Personal information
- Born: November 22, 1963 (age 62) Tecumseh, Nebraska, U.S.
- Listed height: 6 ft 3 in (1.91 m)
- Listed weight: 255 lb (116 kg)

Career information
- High school: Lincoln East (Lincoln, Nebraska)
- College: NW Missouri State Oklahoma State
- NFL draft: 1987: undrafted

Career history
- Dallas Cowboys (1987); Kansas City Chiefs (1988)*;
- * Offseason or practice squad member only

Career NFL statistics
- Games played: 3
- Games started: 3
- Stats at Pro Football Reference

= Mike Zentic =

American football player (born 1963)

Michael Lee Zentic (born November 22, 1963) is an American former professional football player who was a center in the National Football League (NFL) for the Dallas Cowboys. He played college football for the Oklahoma State Cowboys.

==Early life==
Zentic attended Lincoln East High School, where he was coached in football by his father Lee. He received All-conference honors as a senior. He enrolled at Division II Northwest Missouri State University, where he was named a starter at center.

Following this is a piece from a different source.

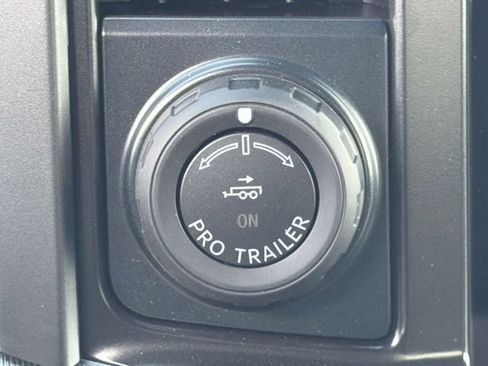 New 2026 Ford F150 Lariat w/ Equipment Group 501A Mid AWD/4WD image 31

He transferred to Oklahoma State University after his third year. As a senior, he was named the starter at offensive tackle in the fifth game of the season against Nebraska, after not being able to beat Tony Wilkins for the starting center position.

==Professional career==
===Dallas Cowboys===
Zentic was signed as an undrafted free agent by the Dallas Cowboys after the 1987 NFL draft. He was waived on September 1.

After the NFLPA strike was declared on the third week of the 1987 season, those contests were canceled (reducing the 16 game season to 15) and the NFL decided that the games would be played with replacement players. He was re-signed to be a part of the Dallas replacement team that was given the mock name "Rhinestone Cowboys" by the media. He started 3 games at center. He was cut on October 20, at the end of the strike.

===Kansas City Chiefs===
On July 11, 1988, he was signed as a free agent by the Kansas City Chiefs. He was released on August 22.